When people of Indian parentage design sets or costumes for the theatre or opera, they rarely look to India for inspiration, even in a milieu where it seemed for a while that the only costume choice for men was some version of the sherwani or kurta pyjama – in productions which ranged from a British Richard II to an American Salome (the opera). Things Indian are instead, part of an international grab-bag that can be turned to even if the production itself makes no reference to India. Their use in, say, film scores, pop music, or dance choreography dilutes, rather than highlights, their specific ‘Indian-ness’. On the other hand, when Indians are among those who produce and make artistic choices, they can begin to effect changes in the general public’s perception of themselves. In a recent New York production of Tom Stoppard’s Indian Ink by a South Asian company, India and Indians were represented by people familiar with the subtleties of the Indian context. Brought alive by an Indian director with an understanding of multi-layered Indian society, the play became textured. Even minor characters were three-dimensional. Thus the audience could identify with them and with their preoccupations – even if many of those were culturally specific. With the growth of the Indian Diaspora
and consolidation of South Asian immigrant groups there are now several
companies run by people of Indian origin whose efforts are changing the
picture of what is ‘Indian’ in the performing arts – particularly when
their work becomes part of the mainstream. Groups in England are invited
to bring their productions – a Cyrano starring a well-known actor
from India, a musical Ramayana from Birmingham, a modern play by
an Indian playwright – to London’s National Theatre. The success of such
ventures, and of Indian popular culture abroad, leads to investment in
expensive productions like Bombay Dreams which, even if it belongs
to a western genre, employs Indian artists – composer, co-choreographer,
script-writer, and most of the performers. The upcoming musical version
of Monsoon Wedding is to be directed by Mira Nair herself.
There is also – however slow – an emergence and growth in the numbers of Indian comedians, of Indian playwrights, modern dance choreographers and performance artists. Their ‘stories’ can be about being brought up Indian in a non-Indian world – about a mother who plies you with chicken tikka masala while urging you to marry a fellow Indian, or a boss who can’t pronounce your name let alone the name of the village you were born in. Or they may deal with recently formed cultural stereotypes as when Keith Khan and Ali Zaidi of the English company Moti Roti collaborate with an American director on the multimedia show, Alladeen, to tell the story of call operators in Bangalore. Despite all this, South Asian artists in Britain and America will tell you that there is still a long way to go. Many are uncomfortable that images of what is Indian are still being decided by non-Indians. The poster for the Broadway Bombay Dreams, for example, features two young Indian models and not the actual stars of the show. Is this, they ask, because the two leads are considered talented enough to be flown to England to sing for the Queen, but aren’t thought to look ‘right’ enough to sell the show?

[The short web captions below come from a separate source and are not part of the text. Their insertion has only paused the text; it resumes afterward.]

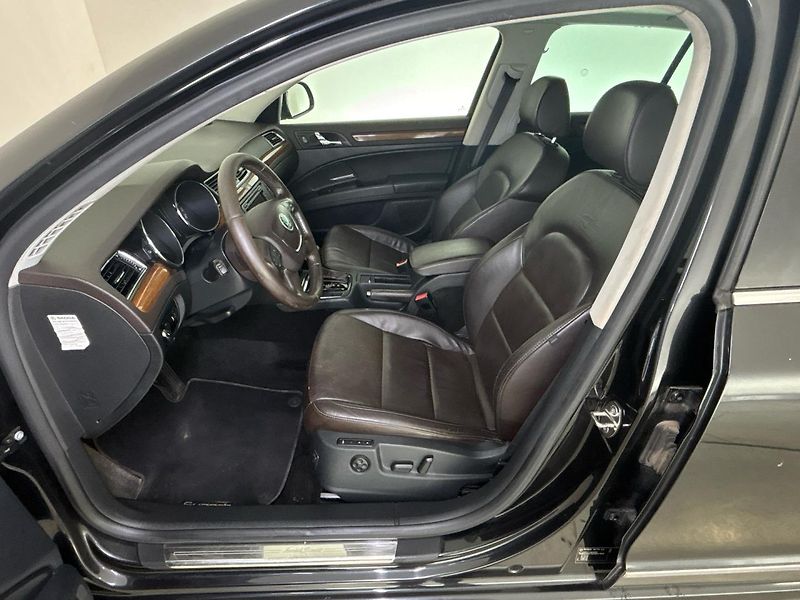 Škoda Superb L&K - fotka 7 z 26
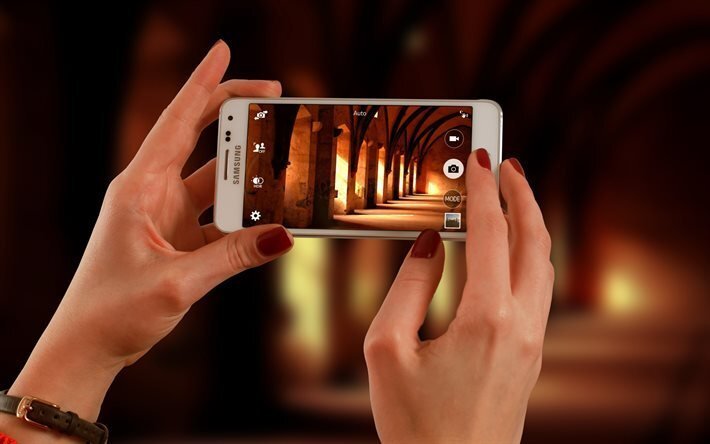 imagini gratuite Te-ai săturat de wallpaper-ul de pe telefon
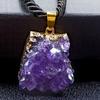 Nuevo colgante de racimo de amatista natural transfronterizo europeo y americano, collar de piedra cruda con capullo de cristal y adornos colgantes con bordes dorados y plateados.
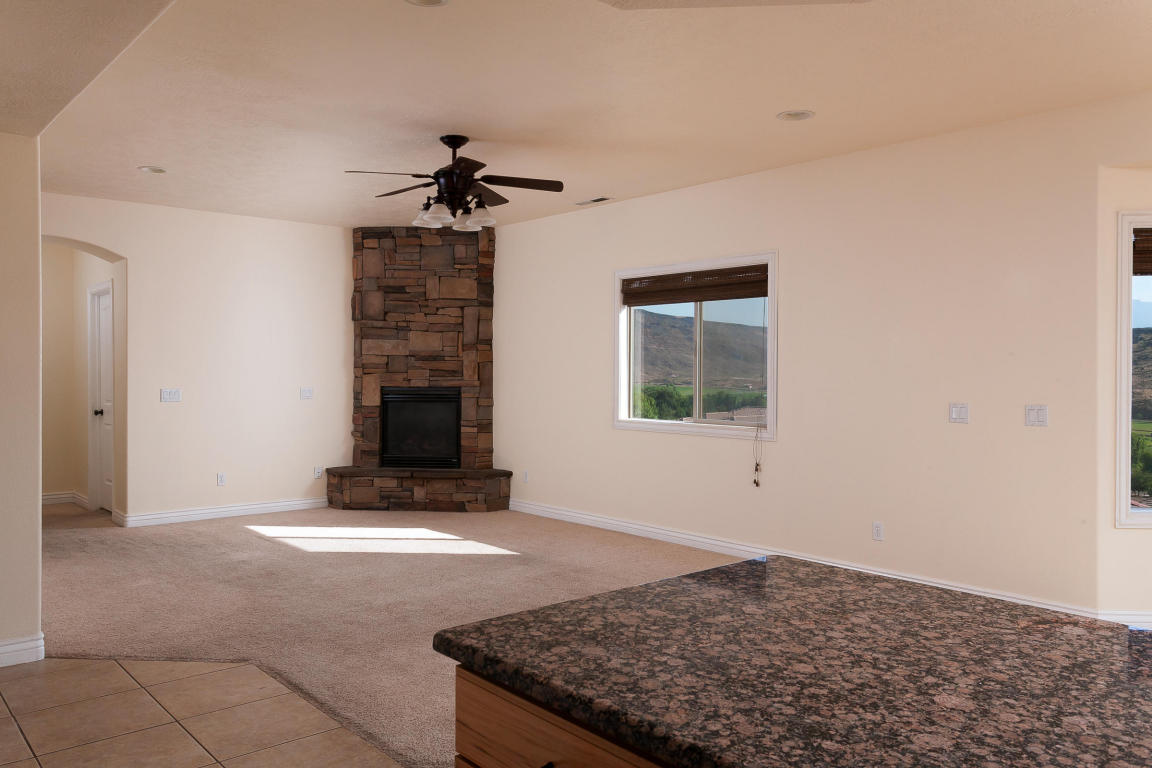 744 Obsidian DR, St George, UT 84770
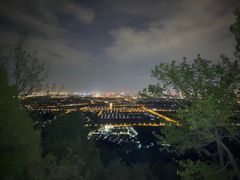 -鬼笑石后山停车场
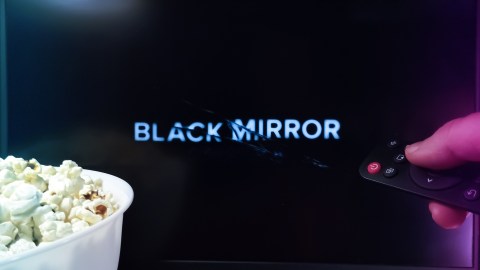 La distopía tecnológica de "Charlie Brooker" vuelve con seis episodios nuevos en 'Black Mirror'.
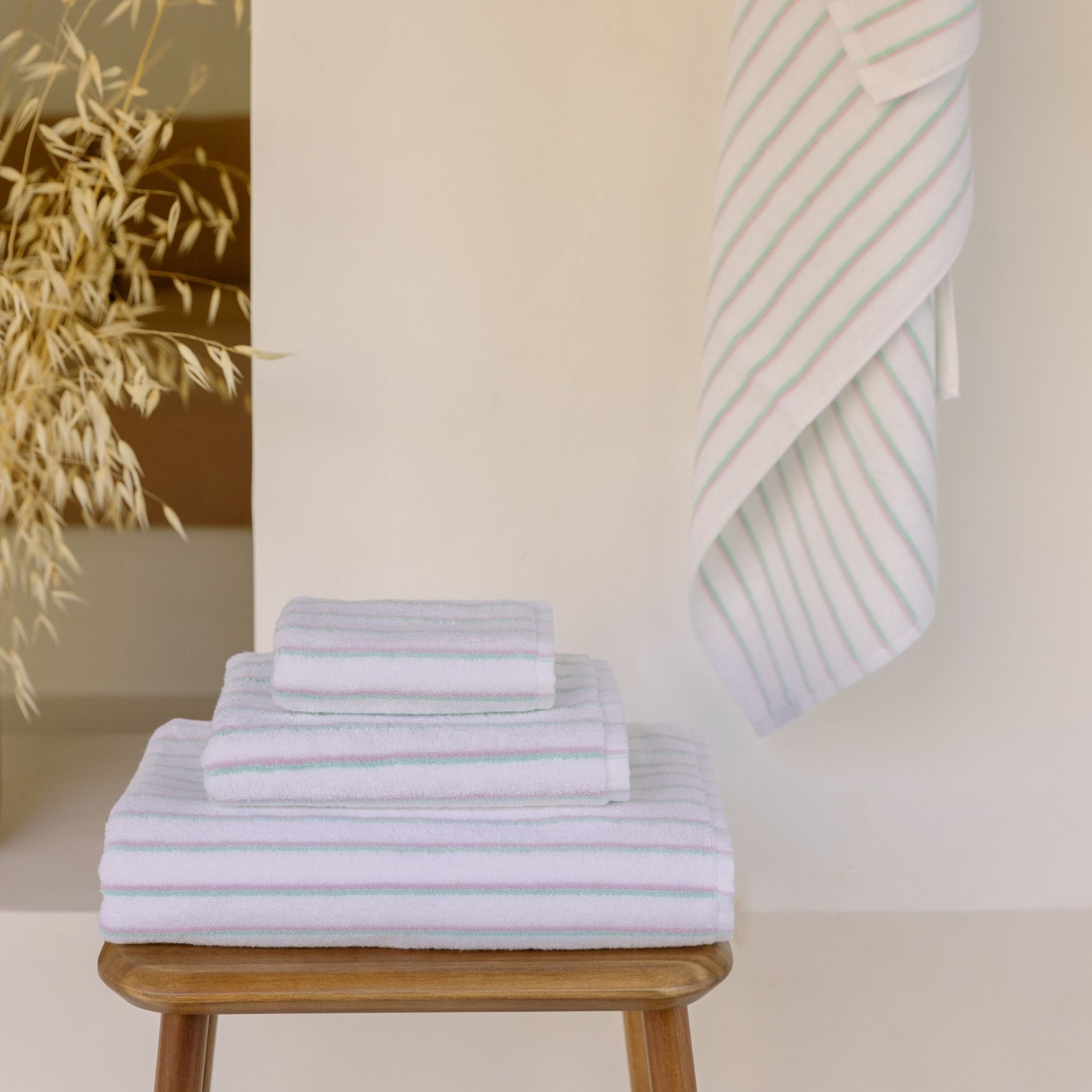 torres-novas-bath-lima-vertical-stripes-bath-towel-pink-green-lifestyle-7.jpg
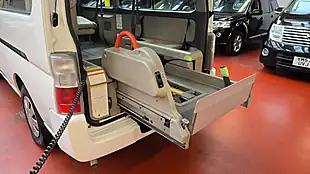 Used 2008 Nissan Elgrand Caravan Twin Mobility Chair Auto Lift White - Interior and Exterior details 8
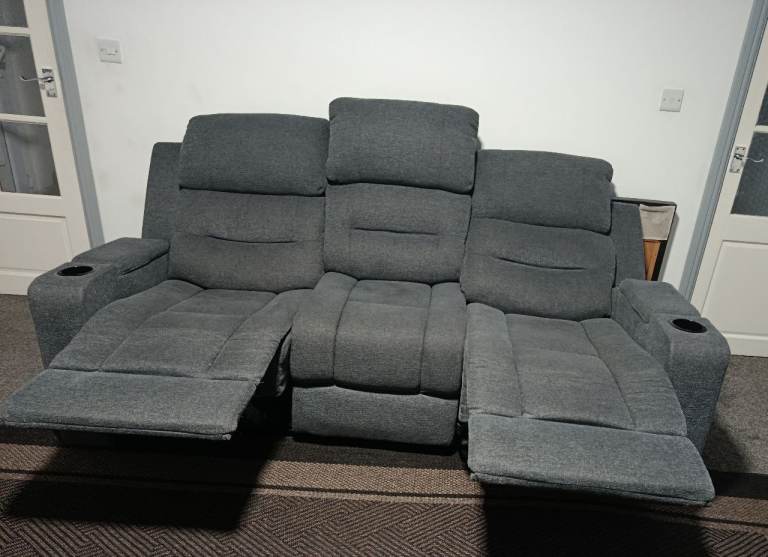 Electric recliner sofa 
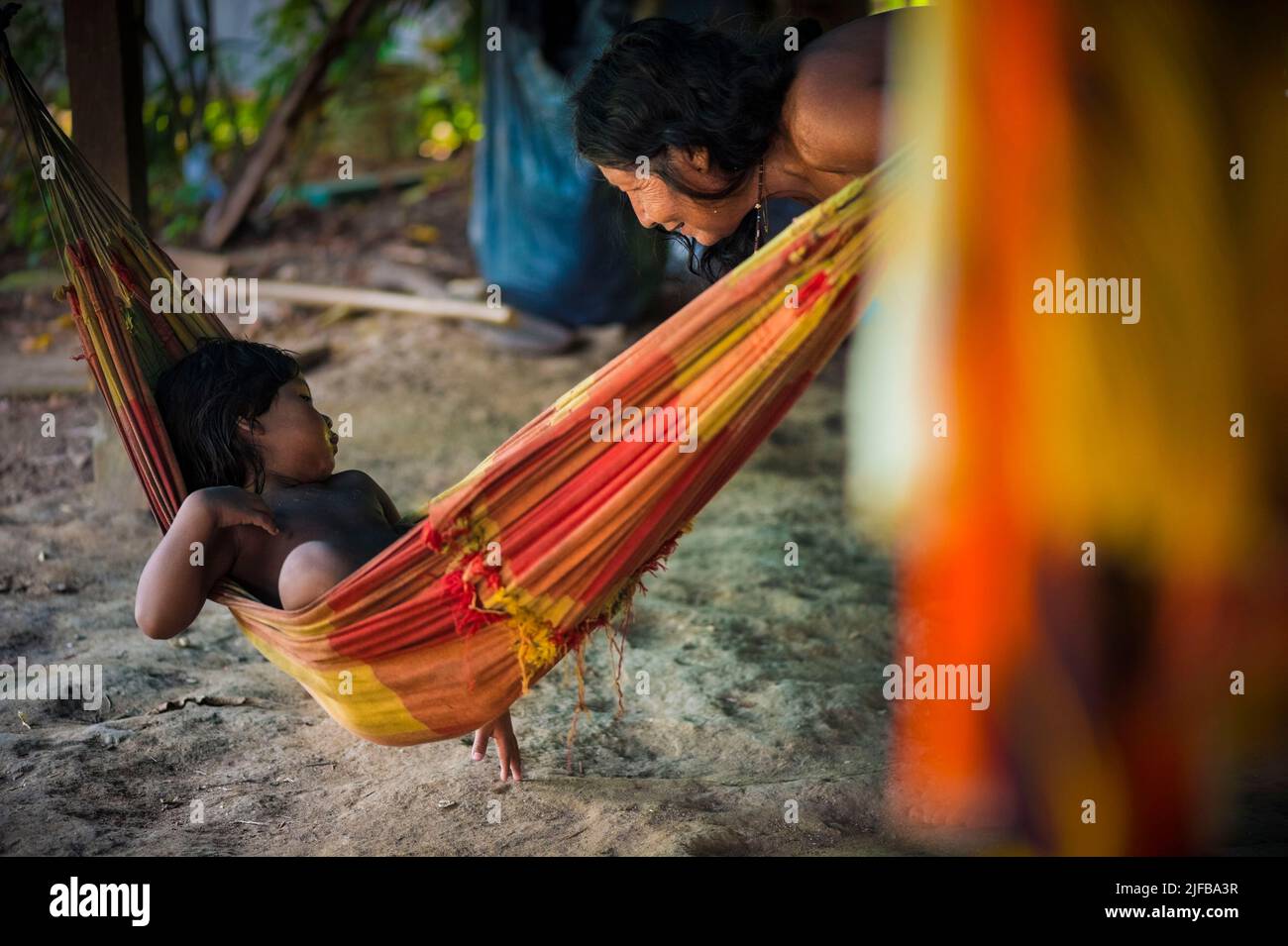 Francia, Guyana francese, Parco Amazzonico, zona cuore, Camopi, Riposati in un'amaca in una famiglia Amerindia Wayàpi Foto Stock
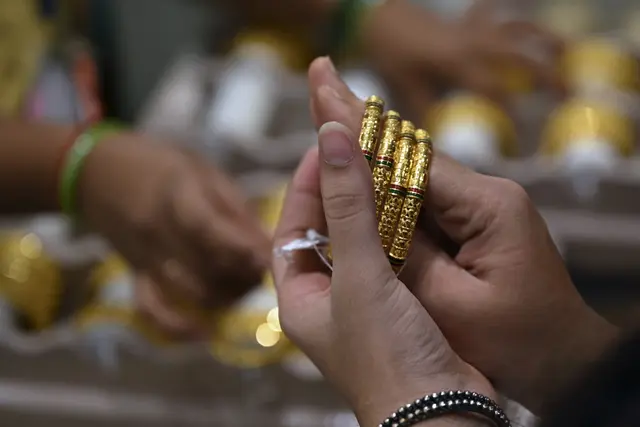 Harga Emas Dunia Pekan Lalu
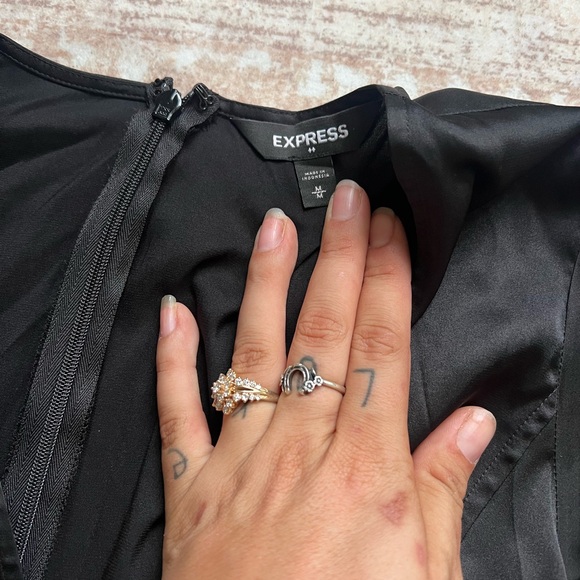 Express Black Blouse sz Medium - Picture 4 of 4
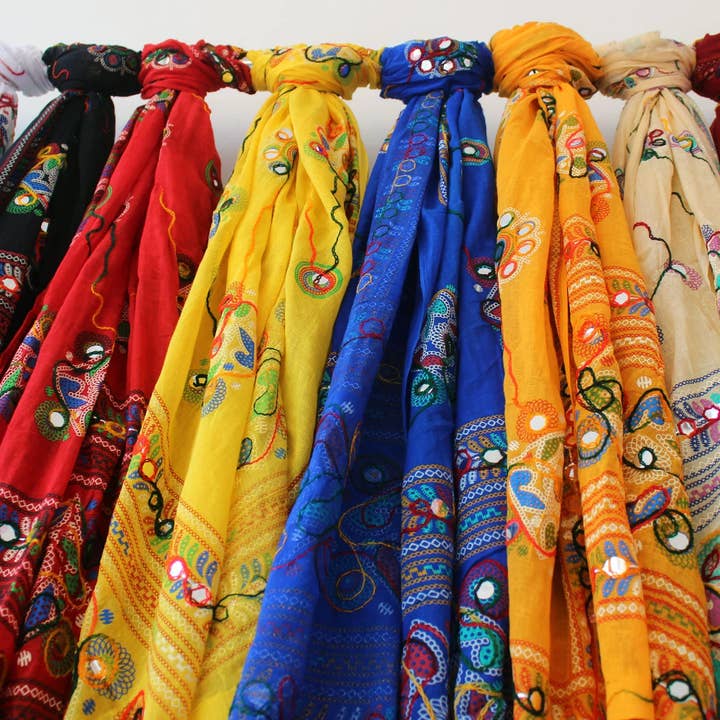 GYPSY STUDIO - Wholesale Scarf - Women's - 5 Piece Multi Colorful Embroidery Phulkari Stole Dupatta5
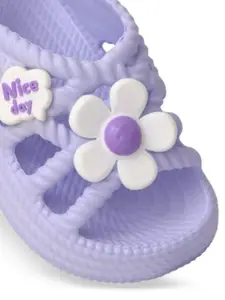 Yellow Bee Girls Self Design Slip-On Sliders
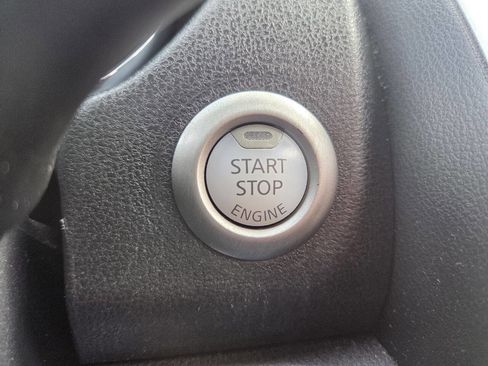 Used 2014 Nissan Versa Note SV w/ SL Package FWD image 26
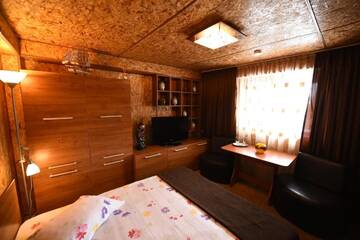 Фото номера Бунгало с видом на сад Гостевой дом Rixo`s GuestHouse г. Крайова 5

Others would like to be free of labels and join the larger community of performers, have access to the larger body of work being done. For the moment, however, the kinds of successes mentioned earlier are heady. They encourage more and more people to seek a career in the performance arts, which in turn, leads to further ventures. Dance companies are being formed every year and recording albums being pressed. At this very moment in London a sitar concerto is being written. In Burbank California a TV sitcom centred round a South Asian family is being cast.